**What the task requires:**
Leaving out every picture, please repeat exactly the line that contains "Ovu srijedu u" and each line after it through the final line below.

**Data block:**
⟨
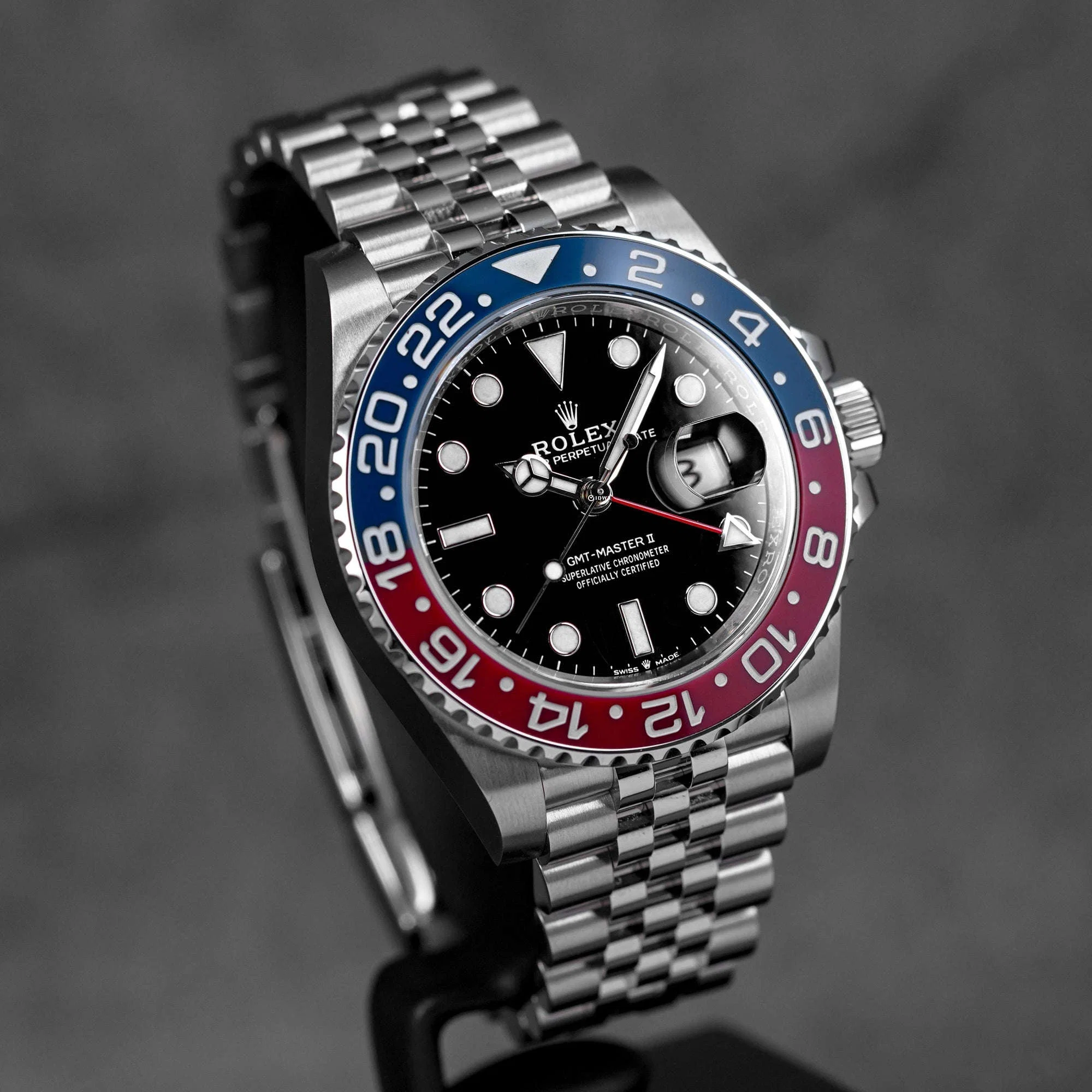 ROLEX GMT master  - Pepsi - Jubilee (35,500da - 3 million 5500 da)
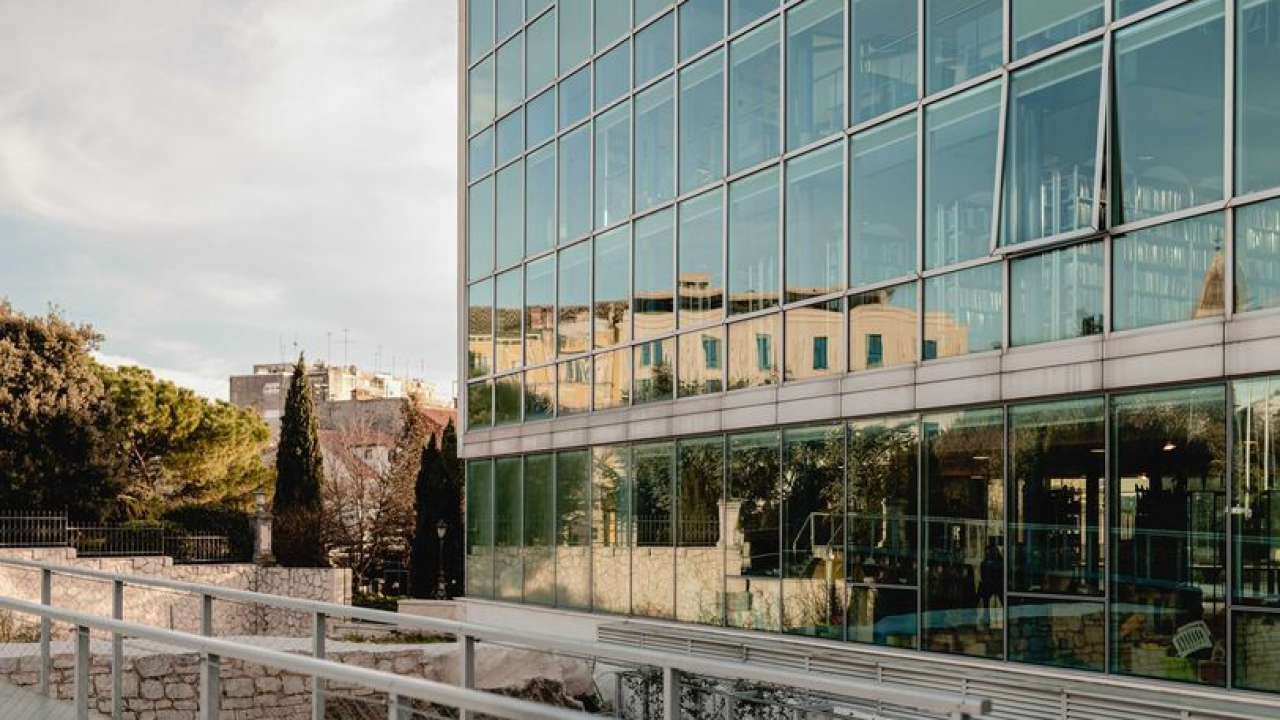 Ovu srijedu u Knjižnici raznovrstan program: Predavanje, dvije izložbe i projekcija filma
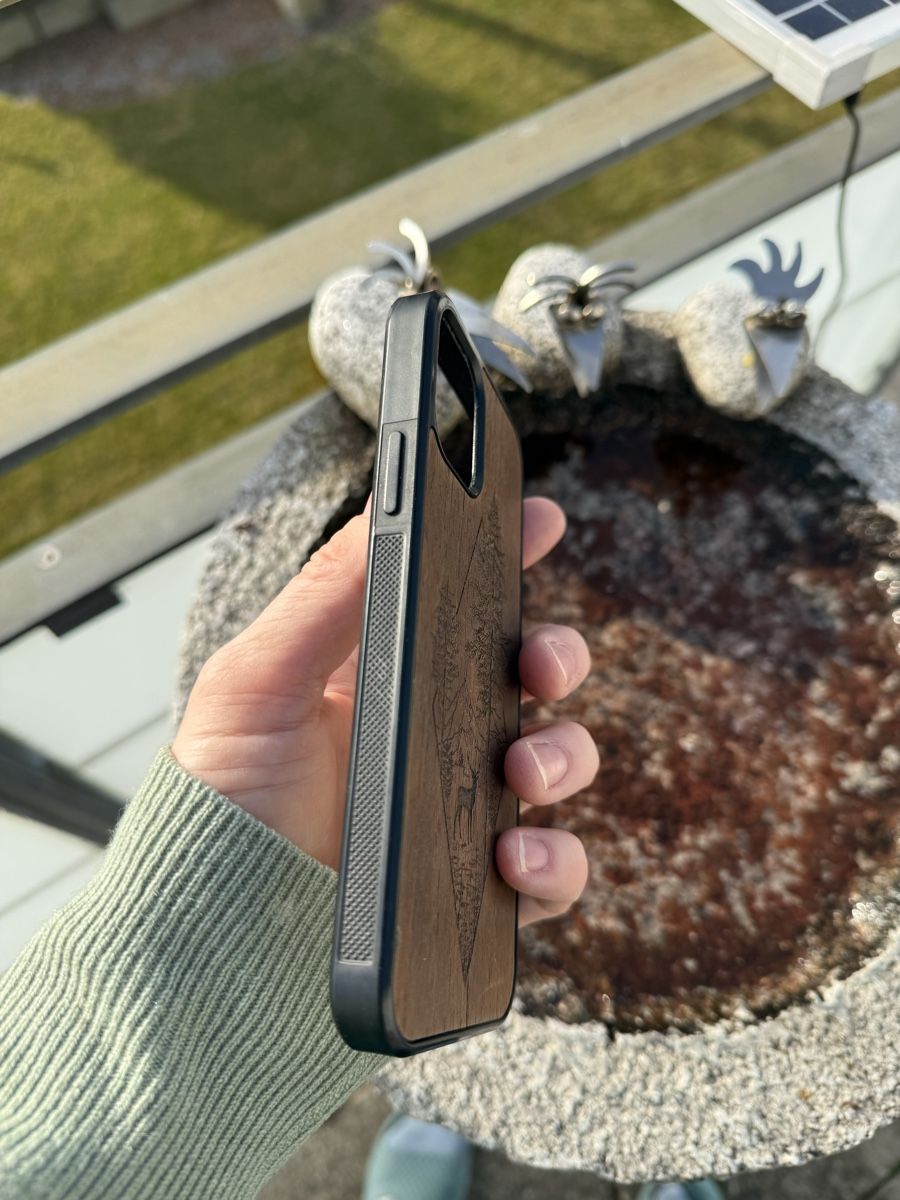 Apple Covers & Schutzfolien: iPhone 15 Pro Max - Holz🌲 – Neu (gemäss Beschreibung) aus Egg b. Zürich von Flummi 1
⟩
**Your response:**
 Ovu srijedu u Knjižnici raznovrstan program: Predavanje, dvije izložbe i projekcija filma
 Apple Covers & Schutzfolien: iPhone 15 Pro Max - Holz🌲 – Neu (gemäss Beschreibung) aus Egg b. Zürich von Flummi 1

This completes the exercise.